Give back the line that contains "Pierre Lannier Pozlacený" and every following line, exactly as they appear, through the end of the data.

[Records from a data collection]
▶
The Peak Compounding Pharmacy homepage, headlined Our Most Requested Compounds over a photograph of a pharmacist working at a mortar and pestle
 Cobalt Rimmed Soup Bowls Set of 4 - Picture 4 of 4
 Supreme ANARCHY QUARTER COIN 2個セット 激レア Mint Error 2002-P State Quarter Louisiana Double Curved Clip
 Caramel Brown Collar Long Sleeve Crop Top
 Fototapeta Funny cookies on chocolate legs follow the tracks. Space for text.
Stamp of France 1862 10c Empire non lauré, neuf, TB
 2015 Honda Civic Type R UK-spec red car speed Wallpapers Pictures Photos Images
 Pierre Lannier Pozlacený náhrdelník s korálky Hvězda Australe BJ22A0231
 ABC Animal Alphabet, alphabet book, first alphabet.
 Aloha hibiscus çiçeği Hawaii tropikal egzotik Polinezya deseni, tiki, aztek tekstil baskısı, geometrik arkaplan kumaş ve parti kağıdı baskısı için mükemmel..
◀
Result for this task:
 Pierre Lannier Pozlacený náhrdelník s korálky Hvězda Australe BJ22A0231
 ABC Animal Alphabet, alphabet book, first alphabet.
 Aloha hibiscus çiçeği Hawaii tropikal egzotik Polinezya deseni, tiki, aztek tekstil baskısı, geometrik arkaplan kumaş ve parti kağıdı baskısı için mükemmel..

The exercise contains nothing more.